The Jaeger-LeCoultre Master Class is definitely something I would recommend to people interested in mechanical watches. Via the Jaeger-LeCoultre LeClub community it is possible to enroll for these Master Classes and they also have these courses during events like SalonQP in London.
The end result of a day of hard work, the Jaeger-LeCoultre caliber 875 movement in the same condition (perhaps with a bit more scratches) as we received at the start of the Master Class. Indeed, major part is still missing but this was done on purpose ; – ).
After the watchmaking course we were invited to one of the salons in the Richemont building and got to see the new / current Jaeger-LeCoultre collection of watches. As you know, this collection was presented at SIHH 2012 which is only accessible for journalists. Therefor, events like this are more than welcome to show new collections and special watches to watch enthusiasts and collectors. It’s so nice to have the chance to see the watches you otherwise only would see in magazines or on blogs like Fratellowatches.

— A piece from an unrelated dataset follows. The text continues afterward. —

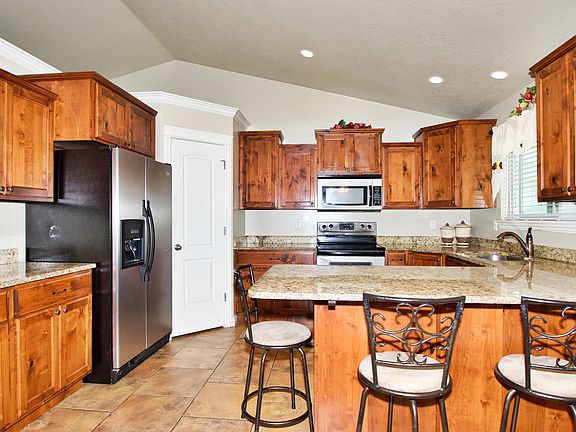 5th image of 1047 N. 275 E.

Gaëtan Gaye, Marketing Manager of Jaeger-LeCoultre BeNeLux and Scandinavia, introduced the collection of Jaeger-LeCoultre watches to us. But only after toasting to all new watchmakers!
My (personal) favorites that were presented that day….
Deep Sea Chronograph
Master Ultra Thin Tourbillon
At the end of the day, we received an official certificate, signed by Jaeger-LeCoultre CEO Mr. Lambert and watchmaker Mr. van Graas.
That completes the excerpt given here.